Work item:
Below are some records. Retype exactly the lines from the one containing "Ebony solid wood" through the one containing "Ugg laarzen origineel", both included, skipping every picture.

Recorded information:
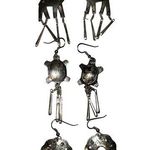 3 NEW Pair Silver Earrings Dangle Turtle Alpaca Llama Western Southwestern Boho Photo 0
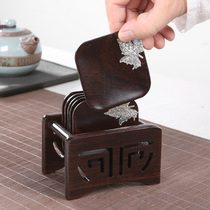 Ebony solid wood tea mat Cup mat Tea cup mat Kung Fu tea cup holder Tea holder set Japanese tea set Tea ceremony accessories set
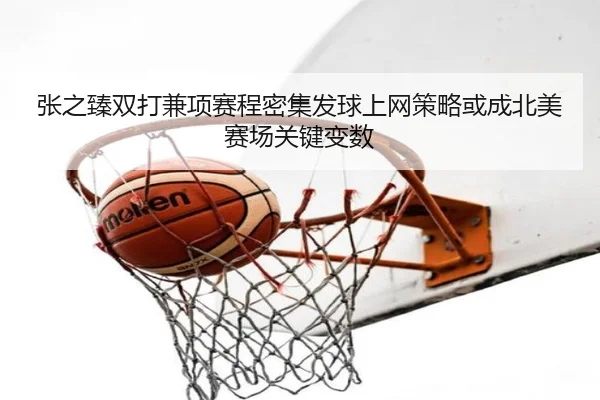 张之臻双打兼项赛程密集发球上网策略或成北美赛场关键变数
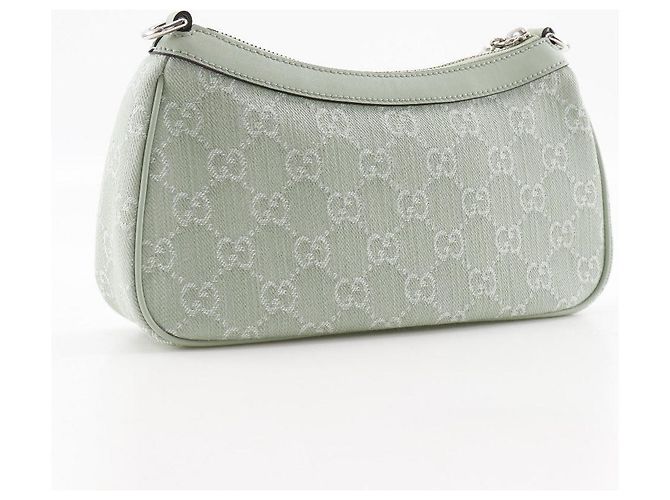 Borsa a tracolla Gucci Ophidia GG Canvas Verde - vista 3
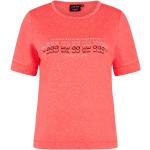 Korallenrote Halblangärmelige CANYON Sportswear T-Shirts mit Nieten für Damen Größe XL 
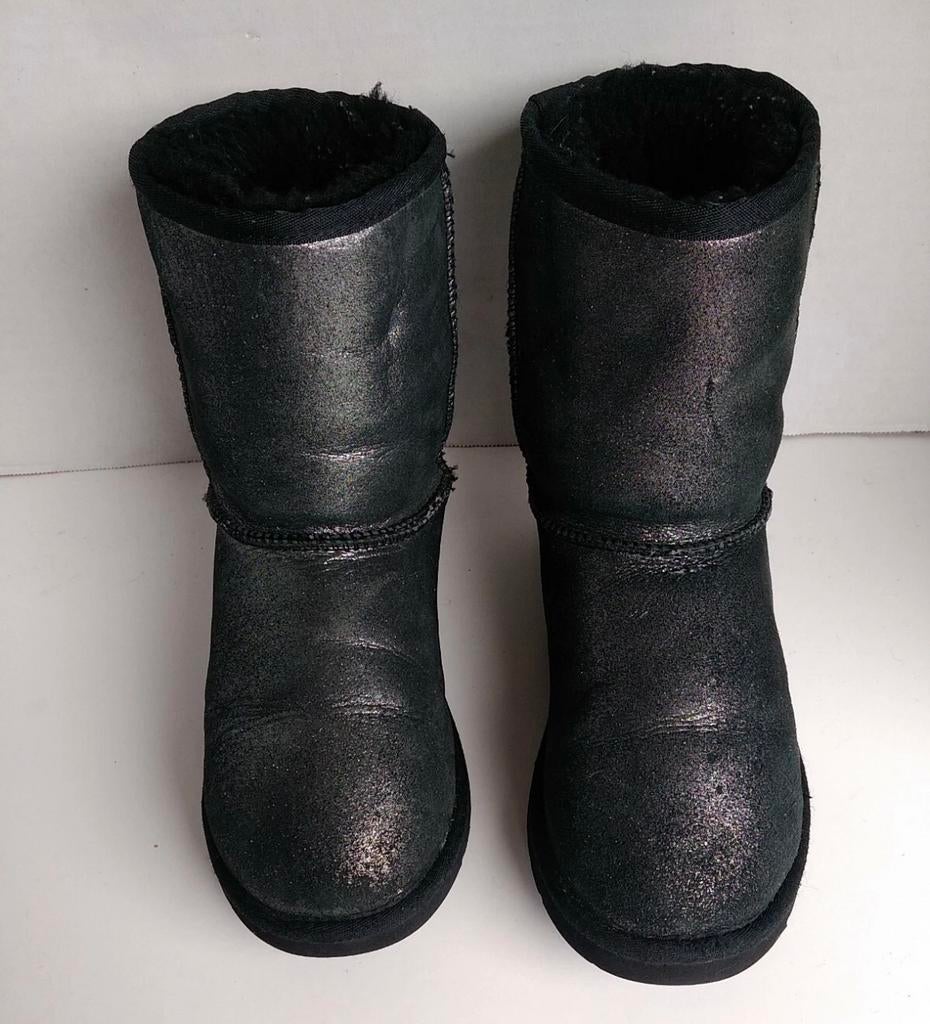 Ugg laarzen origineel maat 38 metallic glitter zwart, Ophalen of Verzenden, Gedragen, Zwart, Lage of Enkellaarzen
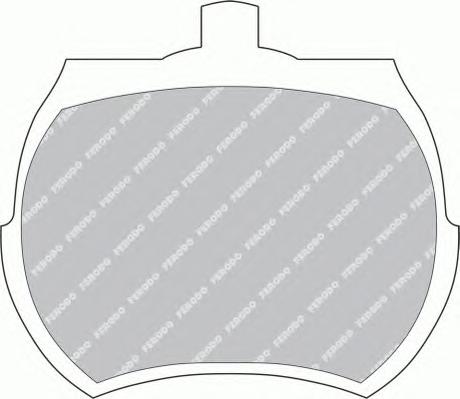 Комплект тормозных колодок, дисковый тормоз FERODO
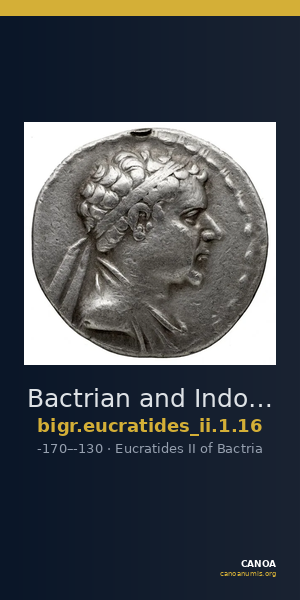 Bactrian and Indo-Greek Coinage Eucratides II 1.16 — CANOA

Your response:
 Ebony solid wood tea mat Cup mat Tea cup mat Kung Fu tea cup holder Tea holder set Japanese tea set Tea ceremony accessories set
 张之臻双打兼项赛程密集发球上网策略或成北美赛场关键变数
 Borsa a tracolla Gucci Ophidia GG Canvas Verde - vista 3
 Korallenrote Halblangärmelige CANYON Sportswear T-Shirts mit Nieten für Damen Größe XL 
 Ugg laarzen origineel maat 38 metallic glitter zwart, Ophalen of Verzenden, Gedragen, Zwart, Lage of Enkellaarzen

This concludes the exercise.